Okay. No, that's fair. One more quick question. If I think about bigger picture, you made a comment about supply consuming the infrastructure. There's always been the old axiom that oil is harder to grow than gas.
And of course that was before horizontal drilling. So how do you think about have you found that oil has been harder to grow than gas or is it more infrastructure related or is it just the initial ramp that we're putting in these places? It seems like across the industry like you mentioned, right, fracking in November, everybody's bringing in production rates a little bit. Can you just talk about how you see that at EOG has harder to grow oil, etcetera?
Yes. And that's a good question, David. The answer I mean, simple answer to your question is, yes, it's harder to grow oil than gas. And I think that as you see the whole industry moving toward liquids, you're going to see this played out among multiple companies that perhaps the initial estimates they gave on liquids volume growth don't turn out to be what happens. For one reason and a couple of reasons are that we all report whether it's Eagle Ford or Bakken wells or whatever initial IP rates that look outstanding, but oil wells don't flow very They need artificial lift in very short periods of time as opposed to a gas well that may go 5 or 6 years before it needs compression in some kind of cases.
The second thing is the artificial lift that you put in oil wells has a higher downtime than you typically have with gas wells. The rod pumps, centrifugal pumps, they fail more frequently. So one of the issues that we've had to adjust to is that we've had to factor in for 2011 and 2012 guidance just a higher downtime in our producing oil wells than we would have been using in a year ago. And I think you'll see that across the industry that the bottom line is it's just flat harder to grow oil than it is gas.
And we have for one final question from David Heikkinen with Tudor Pickering Holding Company.
Just a couple of quick ones. After tax rates return for your Haynesville and Marcellus today each region?
Yes. Using if you use the 5 year gas strip, just NYMEX on there in the Marcellus and the stuff that we're doing in Bradford County, it's pretty darn high. I mean, you could build a case that it's 40% or so. In Clearfield County, it's a little bit lower than that. It's probably in the range of 30% or so.
The Haynesville in the sweet spots, I would say it's probably 20% to 30% in that.
And then Kitimak CapEx and export capacity in a go forward case?
Well, it's going to be a bunch of money ultimately. I mean the export capacity is on an 8 inches basis is about 700,000,000 cubic feet of gas a day. And conceptually what we're looking at and I believe this is in conjunction with Apache. I'm not sure what comments may have made on Kitimat on their call. But we're really looking at this as Kitimat Plant 1 and then Kitimat Plant 2, which would double that 700,000,000 cubic feet a day.
Ultimately, and the CapEx requirements are clearly multibillion dollars. We're currently doing some engineering analysis on that. Of course, the big portion of that would be not required until 2013, 2014 kind of a time frame on there. So the biggest goal for Kitimat for 2011 is to secure an oil index contract in the Far East. And I expect it's going to take probably 12 months or so before we know if we can secure one.
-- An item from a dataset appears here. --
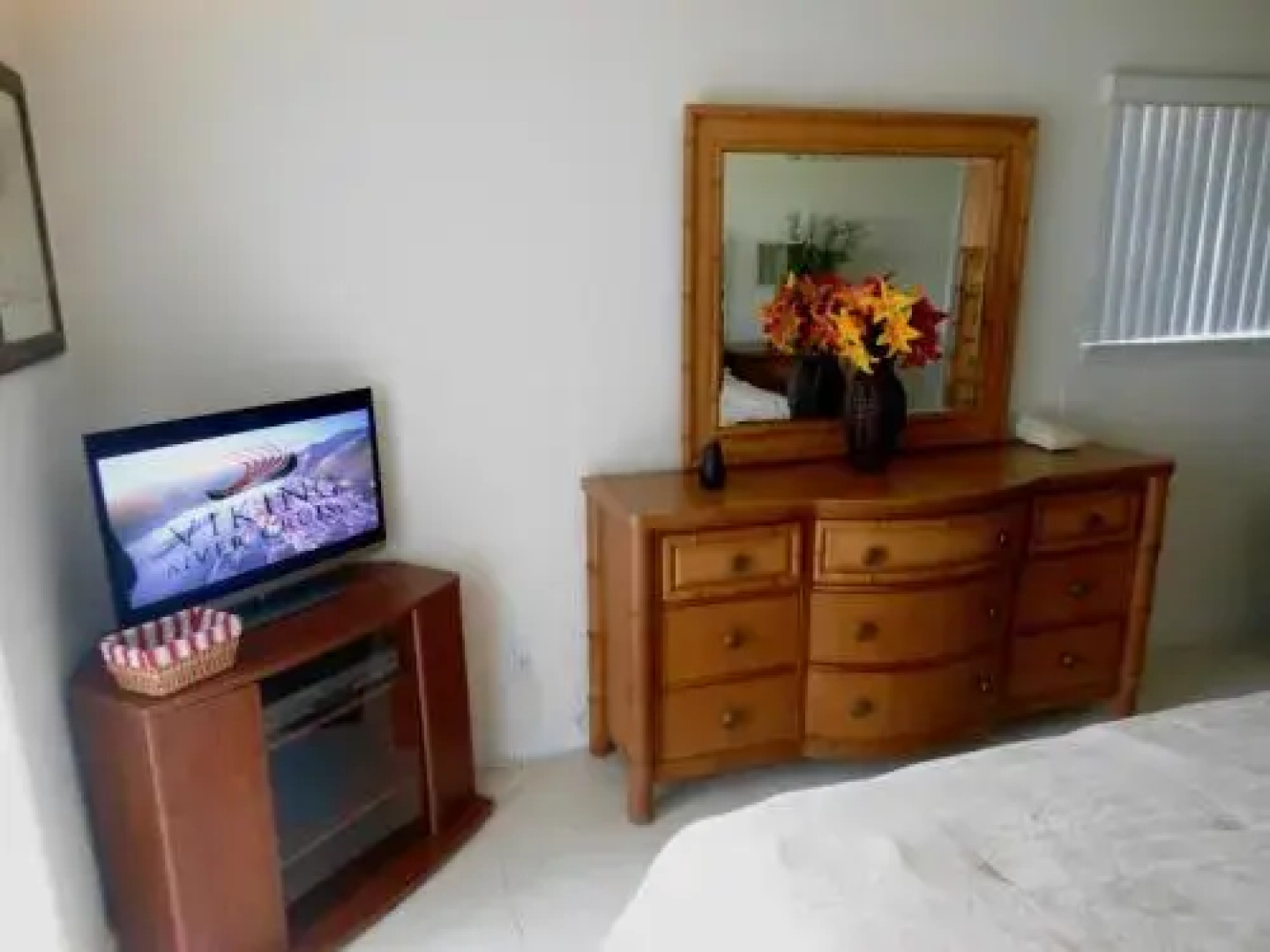 Ocean Village Capstan 423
We have a lot of warm and fuzzy positive feelings now, but it's just going to take these things take a
fairly long time to get it all done.
So that's going to be the key 2011.
And that concludes the question and answer session today. At this time, Mr. Pappas, I will turn the conference back over to you for any additional or closing remarks.
Okay. Thank you very much for listening and we'll talk to you again 3 months from now.
And again, that does conclude today's conference. We do thank you for your participation.